• Task statement:
All of the data should be copied exactly, with the pictures left out.

• Material provided:
+++++

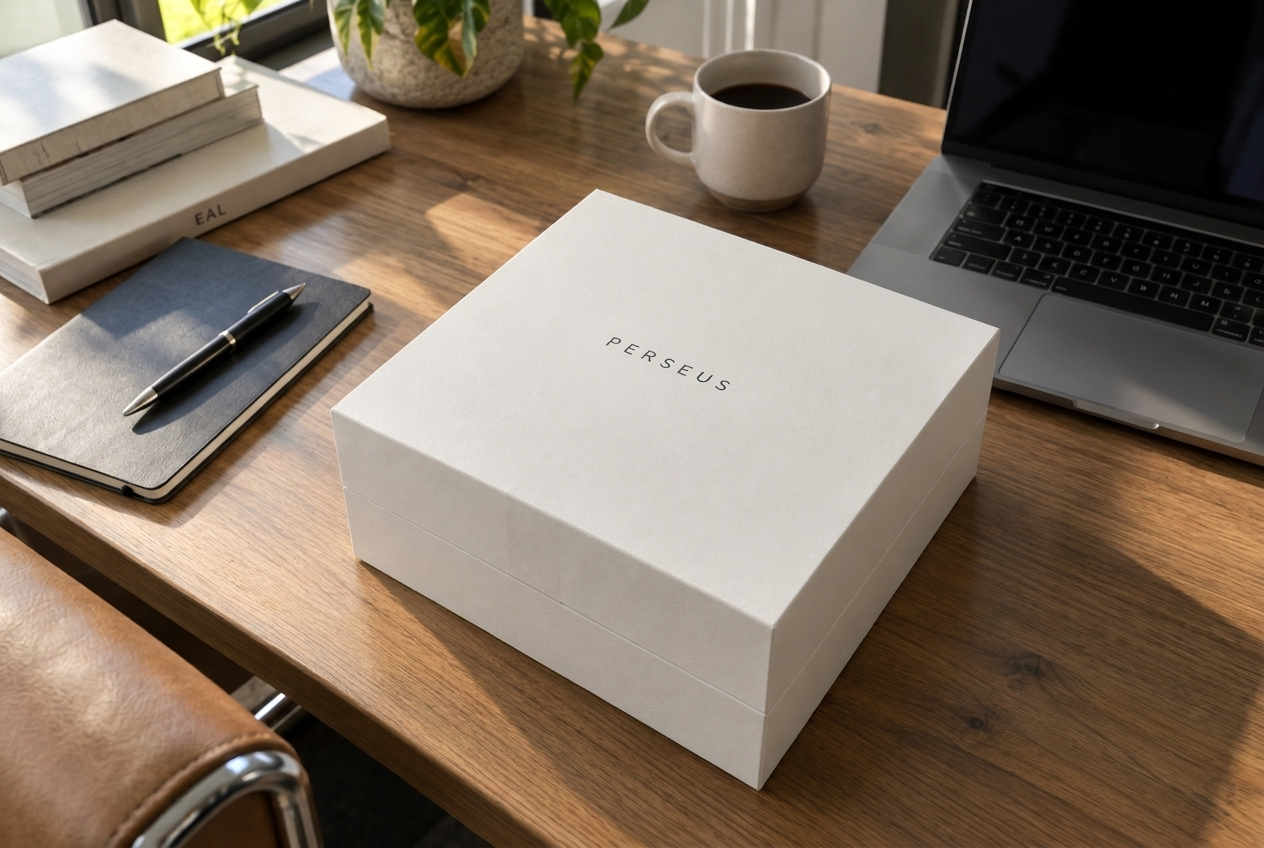 The white Perseus presentation box sitting on a desk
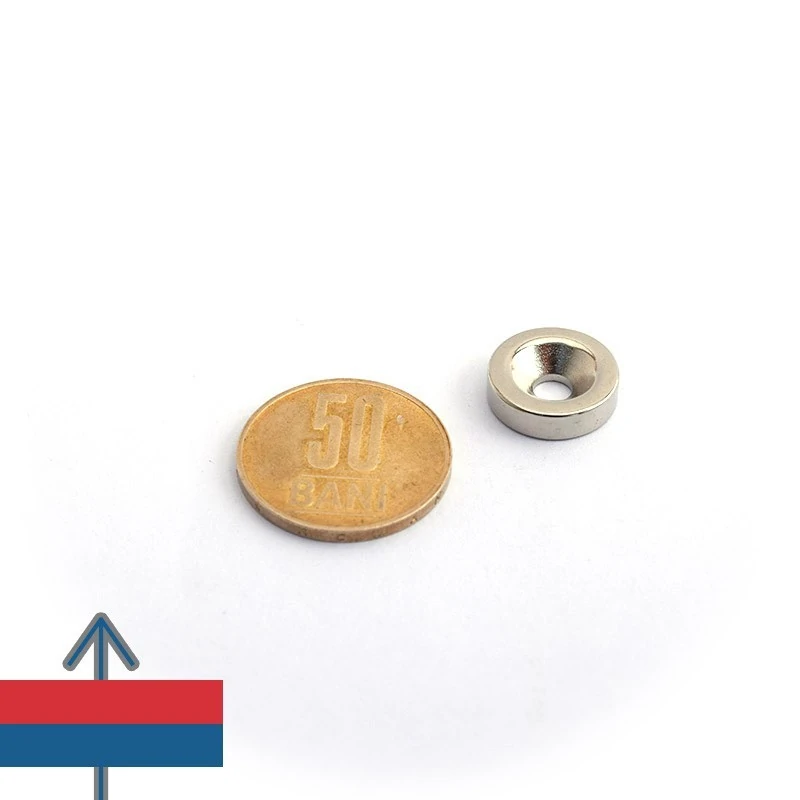 Magnet neodim disc 15 x 4 mm cu gaura ingropata D4,5 D9,46 - N35 cu magnetizare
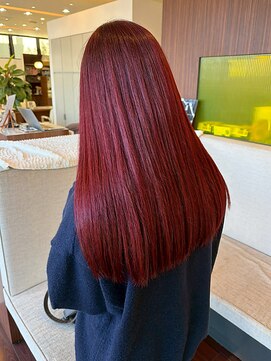 ヘアーアンドエステ ハラダ 滝ノ水店(Hair&Esthe Harada) ブリーチなしダブルカラー/カシスピンク/ロング/ストレート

+++++

• Finished exercise:
 The white Perseus presentation box sitting on a desk
 Magnet neodim disc 15 x 4 mm cu gaura ingropata D4,5 D9,46 - N35 cu magnetizare
 ヘアーアンドエステ ハラダ 滝ノ水店(Hair&Esthe Harada) ブリーチなしダブルカラー/カシスピンク/ロング/ストレート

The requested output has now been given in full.